Material shown section start

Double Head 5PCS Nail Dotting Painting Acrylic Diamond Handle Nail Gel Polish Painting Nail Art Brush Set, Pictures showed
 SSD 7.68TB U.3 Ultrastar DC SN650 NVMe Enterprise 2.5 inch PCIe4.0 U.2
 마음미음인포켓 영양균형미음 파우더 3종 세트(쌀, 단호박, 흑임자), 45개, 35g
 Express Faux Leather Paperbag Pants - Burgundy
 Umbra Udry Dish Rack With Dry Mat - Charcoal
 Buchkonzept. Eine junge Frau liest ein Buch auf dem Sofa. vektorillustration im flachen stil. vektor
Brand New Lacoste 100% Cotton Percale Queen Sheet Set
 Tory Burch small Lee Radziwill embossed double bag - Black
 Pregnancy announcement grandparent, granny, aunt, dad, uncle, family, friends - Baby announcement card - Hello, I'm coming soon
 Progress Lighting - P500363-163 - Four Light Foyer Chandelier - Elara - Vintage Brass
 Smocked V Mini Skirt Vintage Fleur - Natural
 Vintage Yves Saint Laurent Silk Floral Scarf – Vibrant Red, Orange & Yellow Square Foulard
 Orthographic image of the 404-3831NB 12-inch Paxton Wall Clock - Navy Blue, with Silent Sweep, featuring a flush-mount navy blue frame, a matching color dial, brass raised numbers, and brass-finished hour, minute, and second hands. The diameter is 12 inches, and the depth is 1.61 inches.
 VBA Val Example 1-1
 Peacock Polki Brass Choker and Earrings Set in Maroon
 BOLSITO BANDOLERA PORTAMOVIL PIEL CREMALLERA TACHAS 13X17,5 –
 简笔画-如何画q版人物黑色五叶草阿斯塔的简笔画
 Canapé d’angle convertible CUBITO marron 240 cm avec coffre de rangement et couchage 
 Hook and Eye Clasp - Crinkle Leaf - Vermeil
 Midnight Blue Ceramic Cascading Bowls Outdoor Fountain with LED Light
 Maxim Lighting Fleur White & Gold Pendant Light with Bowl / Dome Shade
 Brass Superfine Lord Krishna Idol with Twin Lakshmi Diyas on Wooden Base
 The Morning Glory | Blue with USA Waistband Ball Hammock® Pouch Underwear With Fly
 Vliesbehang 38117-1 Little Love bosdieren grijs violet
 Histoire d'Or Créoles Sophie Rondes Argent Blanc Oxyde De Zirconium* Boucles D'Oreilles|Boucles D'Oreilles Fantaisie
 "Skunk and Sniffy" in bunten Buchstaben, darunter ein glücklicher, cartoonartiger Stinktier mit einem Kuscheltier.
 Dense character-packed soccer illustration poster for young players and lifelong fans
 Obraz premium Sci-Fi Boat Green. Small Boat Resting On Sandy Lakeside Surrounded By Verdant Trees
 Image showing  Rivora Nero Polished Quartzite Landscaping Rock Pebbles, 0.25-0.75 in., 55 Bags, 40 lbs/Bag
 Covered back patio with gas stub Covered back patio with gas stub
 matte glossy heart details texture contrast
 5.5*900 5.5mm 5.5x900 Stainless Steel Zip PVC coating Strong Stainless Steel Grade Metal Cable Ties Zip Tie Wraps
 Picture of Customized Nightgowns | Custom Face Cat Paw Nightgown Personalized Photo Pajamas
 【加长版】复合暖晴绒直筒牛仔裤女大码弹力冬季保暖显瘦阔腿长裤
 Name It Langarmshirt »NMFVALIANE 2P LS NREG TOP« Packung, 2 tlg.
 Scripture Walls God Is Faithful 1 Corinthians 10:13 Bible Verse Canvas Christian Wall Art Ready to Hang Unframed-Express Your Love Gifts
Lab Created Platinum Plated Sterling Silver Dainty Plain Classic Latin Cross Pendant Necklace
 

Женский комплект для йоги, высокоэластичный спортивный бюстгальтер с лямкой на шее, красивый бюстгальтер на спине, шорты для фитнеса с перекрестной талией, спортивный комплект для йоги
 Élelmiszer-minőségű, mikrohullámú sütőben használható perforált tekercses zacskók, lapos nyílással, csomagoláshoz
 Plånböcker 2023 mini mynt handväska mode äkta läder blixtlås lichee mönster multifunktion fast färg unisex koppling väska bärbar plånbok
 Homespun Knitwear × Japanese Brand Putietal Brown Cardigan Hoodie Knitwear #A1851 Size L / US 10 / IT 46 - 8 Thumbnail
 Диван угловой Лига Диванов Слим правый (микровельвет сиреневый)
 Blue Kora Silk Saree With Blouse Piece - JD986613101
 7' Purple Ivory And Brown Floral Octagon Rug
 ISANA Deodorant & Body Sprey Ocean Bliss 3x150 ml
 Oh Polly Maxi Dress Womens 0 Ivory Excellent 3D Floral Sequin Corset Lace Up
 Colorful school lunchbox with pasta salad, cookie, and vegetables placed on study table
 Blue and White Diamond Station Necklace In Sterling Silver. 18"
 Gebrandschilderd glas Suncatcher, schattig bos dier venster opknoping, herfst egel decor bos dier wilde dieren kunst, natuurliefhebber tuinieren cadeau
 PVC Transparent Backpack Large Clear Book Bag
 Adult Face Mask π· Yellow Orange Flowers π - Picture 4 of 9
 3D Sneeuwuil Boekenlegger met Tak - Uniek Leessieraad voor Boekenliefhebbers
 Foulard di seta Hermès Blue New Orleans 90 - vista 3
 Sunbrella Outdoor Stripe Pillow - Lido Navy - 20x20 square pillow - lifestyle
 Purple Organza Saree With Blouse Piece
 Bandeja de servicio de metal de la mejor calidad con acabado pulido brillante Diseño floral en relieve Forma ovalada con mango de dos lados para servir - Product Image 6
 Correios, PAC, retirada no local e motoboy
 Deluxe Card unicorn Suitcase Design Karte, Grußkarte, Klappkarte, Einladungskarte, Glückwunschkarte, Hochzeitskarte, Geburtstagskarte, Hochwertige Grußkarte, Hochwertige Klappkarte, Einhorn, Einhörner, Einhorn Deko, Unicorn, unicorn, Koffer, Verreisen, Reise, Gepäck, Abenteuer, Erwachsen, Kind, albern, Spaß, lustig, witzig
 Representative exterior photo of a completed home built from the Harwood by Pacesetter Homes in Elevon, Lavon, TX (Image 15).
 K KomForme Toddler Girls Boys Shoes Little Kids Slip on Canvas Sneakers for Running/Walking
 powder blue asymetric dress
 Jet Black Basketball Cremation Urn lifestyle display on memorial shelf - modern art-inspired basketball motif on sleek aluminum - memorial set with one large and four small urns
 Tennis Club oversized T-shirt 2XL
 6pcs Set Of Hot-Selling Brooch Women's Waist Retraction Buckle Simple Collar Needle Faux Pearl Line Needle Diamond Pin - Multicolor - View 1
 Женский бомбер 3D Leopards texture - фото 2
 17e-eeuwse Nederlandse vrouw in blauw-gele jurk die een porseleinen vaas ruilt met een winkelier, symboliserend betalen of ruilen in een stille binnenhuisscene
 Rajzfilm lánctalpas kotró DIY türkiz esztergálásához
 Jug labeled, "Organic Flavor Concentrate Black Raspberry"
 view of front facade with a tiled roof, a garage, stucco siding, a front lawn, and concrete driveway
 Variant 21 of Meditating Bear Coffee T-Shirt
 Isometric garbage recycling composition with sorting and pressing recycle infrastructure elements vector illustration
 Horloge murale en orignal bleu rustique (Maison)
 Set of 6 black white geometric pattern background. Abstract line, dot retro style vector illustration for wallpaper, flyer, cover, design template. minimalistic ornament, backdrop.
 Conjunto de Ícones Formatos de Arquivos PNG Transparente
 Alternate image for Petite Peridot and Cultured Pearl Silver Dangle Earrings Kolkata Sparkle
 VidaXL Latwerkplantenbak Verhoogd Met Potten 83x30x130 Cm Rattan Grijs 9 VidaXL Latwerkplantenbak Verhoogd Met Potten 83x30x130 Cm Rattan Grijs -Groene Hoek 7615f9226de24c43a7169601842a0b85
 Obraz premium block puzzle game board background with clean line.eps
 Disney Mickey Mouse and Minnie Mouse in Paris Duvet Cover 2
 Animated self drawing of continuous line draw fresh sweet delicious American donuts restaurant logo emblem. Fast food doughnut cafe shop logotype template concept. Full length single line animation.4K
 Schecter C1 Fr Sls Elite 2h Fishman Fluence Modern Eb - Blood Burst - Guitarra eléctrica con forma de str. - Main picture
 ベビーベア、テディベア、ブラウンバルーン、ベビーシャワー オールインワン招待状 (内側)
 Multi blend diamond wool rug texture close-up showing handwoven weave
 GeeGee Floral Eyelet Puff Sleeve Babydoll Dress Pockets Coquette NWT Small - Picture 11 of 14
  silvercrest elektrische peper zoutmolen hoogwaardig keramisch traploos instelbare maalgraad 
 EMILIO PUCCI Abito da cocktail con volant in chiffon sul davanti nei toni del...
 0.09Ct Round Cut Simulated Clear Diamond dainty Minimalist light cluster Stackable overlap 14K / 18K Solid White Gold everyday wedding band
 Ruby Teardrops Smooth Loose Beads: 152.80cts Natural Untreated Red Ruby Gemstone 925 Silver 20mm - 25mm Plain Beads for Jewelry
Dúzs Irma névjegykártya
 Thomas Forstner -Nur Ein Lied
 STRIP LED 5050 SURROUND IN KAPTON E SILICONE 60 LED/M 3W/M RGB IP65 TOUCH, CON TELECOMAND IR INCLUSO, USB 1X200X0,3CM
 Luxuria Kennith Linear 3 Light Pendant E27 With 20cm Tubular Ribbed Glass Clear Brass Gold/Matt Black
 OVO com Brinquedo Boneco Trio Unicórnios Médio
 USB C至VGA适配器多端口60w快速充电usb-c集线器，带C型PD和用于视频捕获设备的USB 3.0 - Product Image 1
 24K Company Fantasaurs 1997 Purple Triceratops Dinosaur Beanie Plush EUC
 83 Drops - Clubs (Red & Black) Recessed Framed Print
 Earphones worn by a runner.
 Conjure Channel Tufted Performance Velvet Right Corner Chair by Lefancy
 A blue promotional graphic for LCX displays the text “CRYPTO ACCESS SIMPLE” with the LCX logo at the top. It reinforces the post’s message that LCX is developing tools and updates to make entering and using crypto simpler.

Material shown section end

» Task description: Return the span of lines in the data above that opens at the line with "USB C至VGA适配器多端口60w快速充电usb-c集线器，带C型PD和用于视频捕获设备的USB 3.0" and closes at the line with "Earphones worn by a runner.", exactly, ends included, nothing else.

» Solution:
 USB C至VGA适配器多端口60w快速充电usb-c集线器，带C型PD和用于视频捕获设备的USB 3.0 - Product Image 1
 24K Company Fantasaurs 1997 Purple Triceratops Dinosaur Beanie Plush EUC
 83 Drops - Clubs (Red & Black) Recessed Framed Print
 Earphones worn by a runner.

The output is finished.